Richard Hunter explains ... Ratings

We take you back to the credit basics to review everything you thought you already knew but were too afraid to ask ... In this, the first of the series, Richard Hunter, managing director of Fitch Ratings in London, reviews the very bedrock of credit investing: the provision of credit ratings

Credit ratings are an opinion on the ability of an entity or of a securities issue to meet its financial obligations or commitments on a timely basis. Credit ratings are not recommendations to buy, sell or hold a security. They are not audits, assessments of the possibility of fraud, or second guesses of events yet to take place. Neither are they commentaries on the pricing of bonds relative to ratings or an expression of a percentage probability of default.

The three dominant rating agencies, Fitch Ratings, Moody's Investors Service and Standard & Poor's, assign ratings to corporates, sovereigns (countries), local authorities, financial institutions, debt issues made by or loans to each of the above, tranches of structured transactions, or a legally 'ring-fenced' entity set up for the sole purpose of issuing debt to finance a portfolio of assets - for example, mortgage loans or trade receivables.

For Fitch and Standard & Poor's, the ratings most commonly quoted - long-term senior, unsecured issuer counterparty ratings - run from AAA to D, with AAA being the highest rating. The suffix '+' or '-' is added to denote relative status within major rating categories. Moody's scale runs from Aaa to C for long-term ratings. Moody's uses numbers rather than +/- modifiers to denote relative status within major rating categories.

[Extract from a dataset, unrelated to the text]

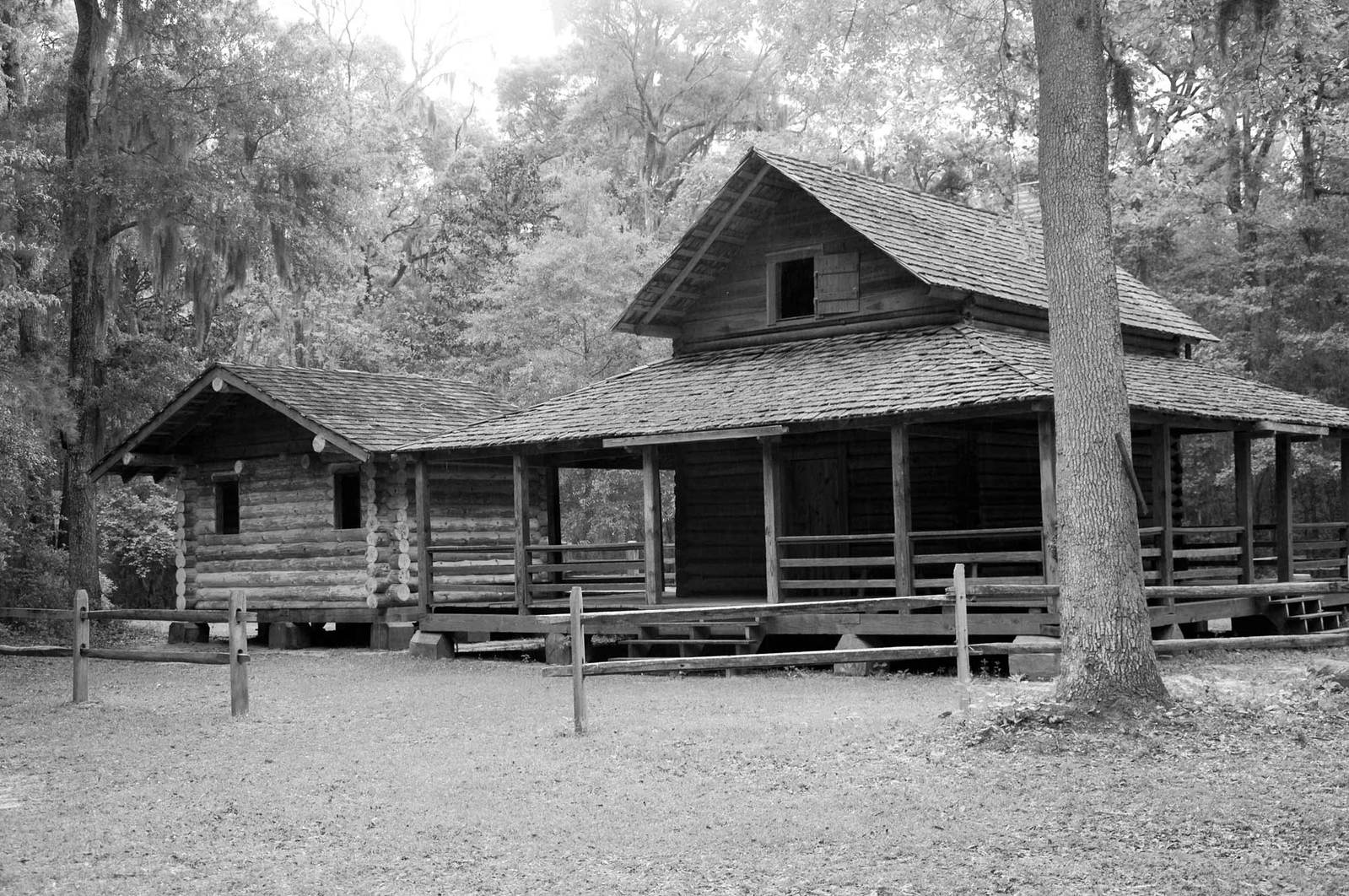 a black and white po of a building in the woods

Markets have traditionally viewed ratings at or above BBB-/Baa3 as 'investment grade'; ratings below this level are considered 'speculative grade', colloquially known as 'high yield' or 'junk'. Investment guidelines and indices often limit investment in instruments rated in the speculative grade. Ratings also carry an outlook and can carry a 'rating watch' to reduce 'bolt from the blue' rating actions and highlight concerns. An outlook may be positive, stable or negative and indicates the most likely direction of a rating over a one- to two-year period. A positive rating watch indicates a potential upgrade, negative indicates a potential downgrade, while an evolving rating watch may be raised, lowered or maintained.

Ratings are arrived at after an analyst reviews information which is either publicly available or provided on a confidential basis. After a rating review meeting, a draft report is prepared and a rating committee held, then a report and rating action commentary in the form of a press release is published. There is ongoing surveillance of all credit ratings and reviews can be event-driven or period-driven - ratings are formally reviewed at least once annually.

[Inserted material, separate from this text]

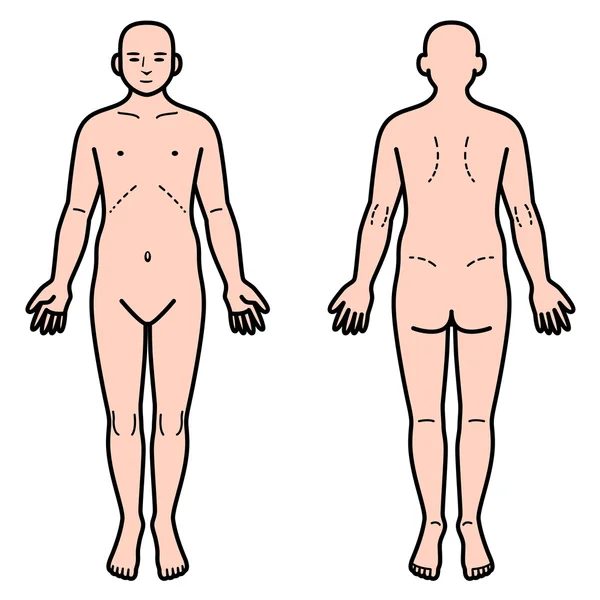 İnsan vücudunun ön ve arka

What consumers typically want from the rating process varies. The issuer wants an experienced lead analyst, transparent criteria for their sector, an intelligent rating committee, a dialogue on rating findings and a high rating. At the same time, it also wants to avoid rating volatility, and downgrades in particular.

The bookrunner wants all these things but wants absolutely the highest possible rating to be assigned initially while being arguably less concerned about volatility and future downgrades.

The investor wants the experienced lead analyst, transparent criteria and intelligent rating committee, but some may want low ratings, which would force a higher coupon from the issuer. Conversely, some may want a higher rating than might be appropriate, which would let them hold a higher-yielding instrument.

GLOSSARY

Investment grade: Ratings at or above BBB- as rated by Standard & Poor's or Fitch, or Baa3 by Moody's

Speculative grade: Also called junk or high yield; ratings below BBB-/Baa3, for which investment guidelines and indices might limit investment

Outlook: An indication of the likely direction of a rating over a one- to two-year period

Rating watch: An indication of a heightened probability that a rating change will take place, a positive rating watch indicating a potential upgrade and a negative rating watch indicating a potential downgrade.